>>>>>
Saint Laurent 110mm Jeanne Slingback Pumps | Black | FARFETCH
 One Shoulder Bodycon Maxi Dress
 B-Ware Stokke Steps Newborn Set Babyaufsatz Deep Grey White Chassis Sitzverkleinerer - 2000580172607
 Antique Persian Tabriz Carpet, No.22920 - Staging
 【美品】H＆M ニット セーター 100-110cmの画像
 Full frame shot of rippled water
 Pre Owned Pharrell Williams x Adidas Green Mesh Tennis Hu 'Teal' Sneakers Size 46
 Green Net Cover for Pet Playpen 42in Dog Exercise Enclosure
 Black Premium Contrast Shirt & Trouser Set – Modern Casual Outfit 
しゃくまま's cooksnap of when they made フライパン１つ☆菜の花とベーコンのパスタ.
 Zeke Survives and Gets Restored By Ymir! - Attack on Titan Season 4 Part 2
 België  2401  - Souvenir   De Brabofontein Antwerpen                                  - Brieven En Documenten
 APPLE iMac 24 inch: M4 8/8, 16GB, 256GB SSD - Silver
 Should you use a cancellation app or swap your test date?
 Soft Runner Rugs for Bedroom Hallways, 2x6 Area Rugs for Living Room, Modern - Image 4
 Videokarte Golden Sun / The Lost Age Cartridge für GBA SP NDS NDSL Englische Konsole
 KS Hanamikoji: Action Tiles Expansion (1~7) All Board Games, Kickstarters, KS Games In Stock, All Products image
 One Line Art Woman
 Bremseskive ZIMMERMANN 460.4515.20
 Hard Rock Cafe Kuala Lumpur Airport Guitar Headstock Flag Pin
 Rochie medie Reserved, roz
<<<<<
Find the word "Black" in the material, then list each line that holds it.

Saint Laurent 110mm Jeanne Slingback Pumps | Black | FARFETCH
 Black Premium Contrast Shirt & Trouser Set – Modern Casual Outfit 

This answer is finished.